**What you need to do:** Excluding every picture, print exactly the lines from the one containing "Men's Philadelphia Phillies" through the end of the material below, both ends included.

**Information shown:**
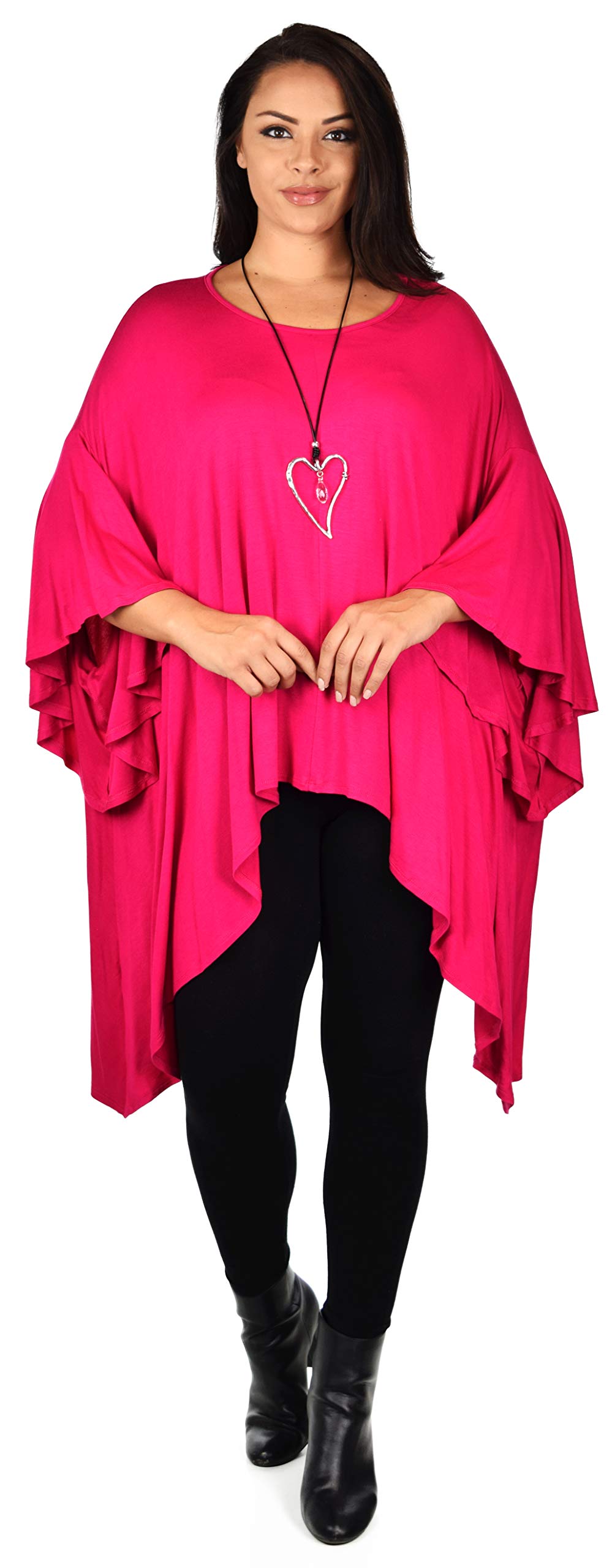 Asymmetrical Oversized Tunic , Full Figured Poncho Top, Plus Size Tunic top, Top Cover Up w/ Butterfly Sleeves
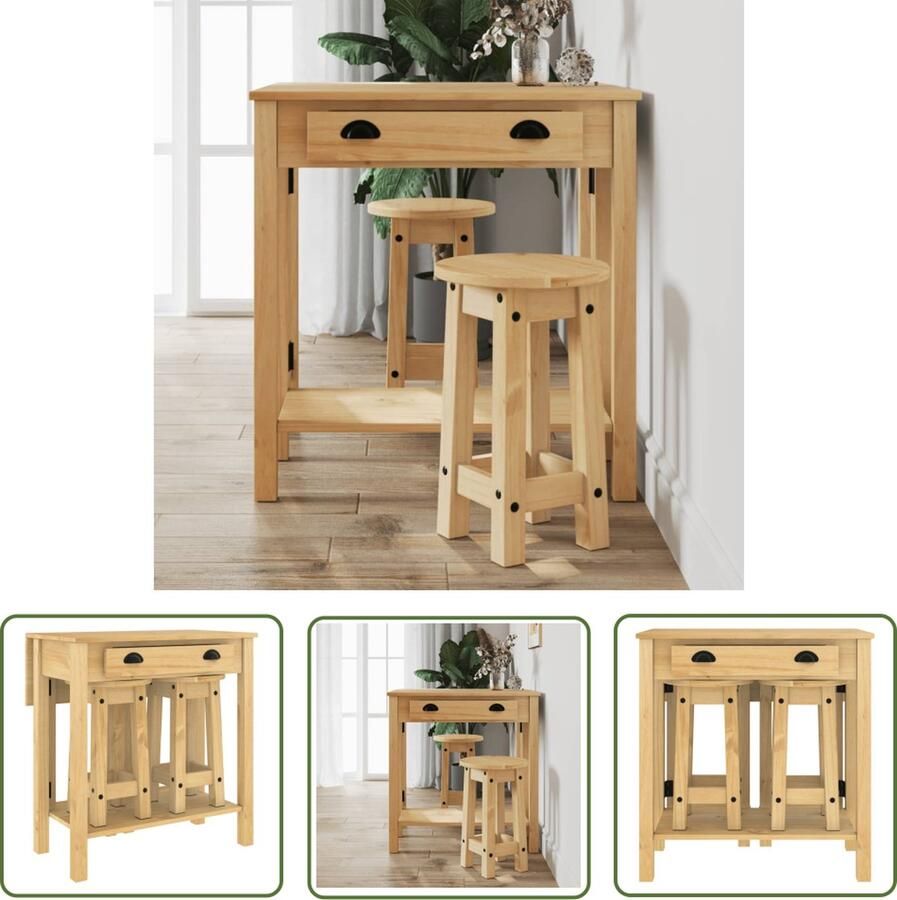 The Living Store Houten Bartafelset 80 x 36-72 x 84 cm Massief Grenenhout met honingwas afwerking Bartafel Houten Bartafel Barstoel Barkruk Eettafel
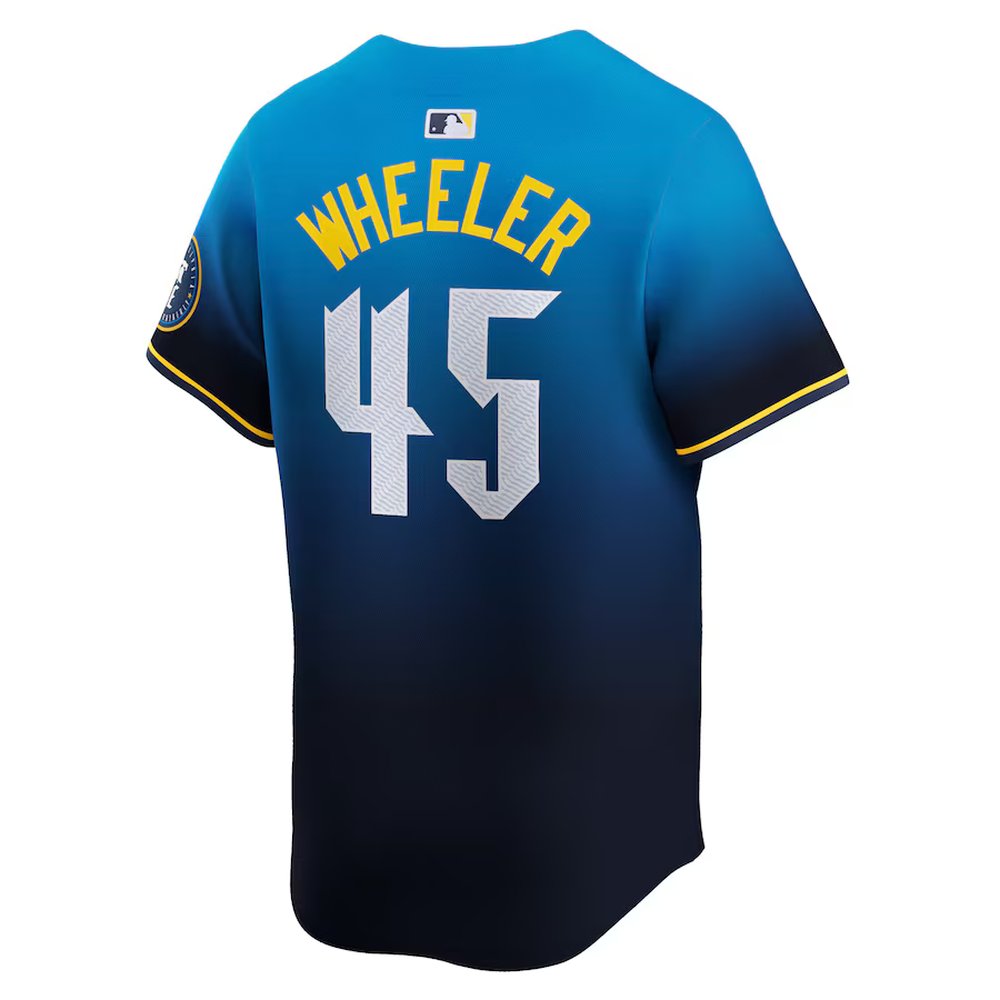Men's Philadelphia Phillies #45 Zack Wheeler Blue 2024 City Connect Limited Player Jersey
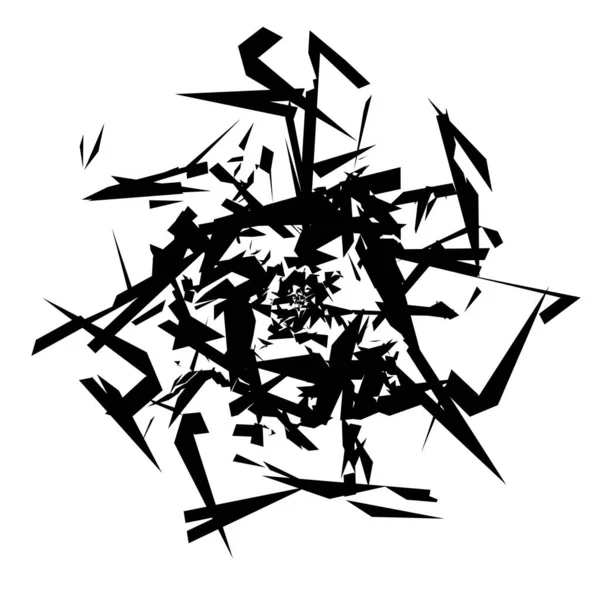 Chaotique Aléatoire Abstrait Formes Dispersées Élément Conception Illustration Vectorielle Stock — Image vectorielle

**Written response:**
Men's Philadelphia Phillies #45 Zack Wheeler Blue 2024 City Connect Limited Player Jersey
 Chaotique Aléatoire Abstrait Formes Dispersées Élément Conception Illustration Vectorielle Stock — Image vectorielle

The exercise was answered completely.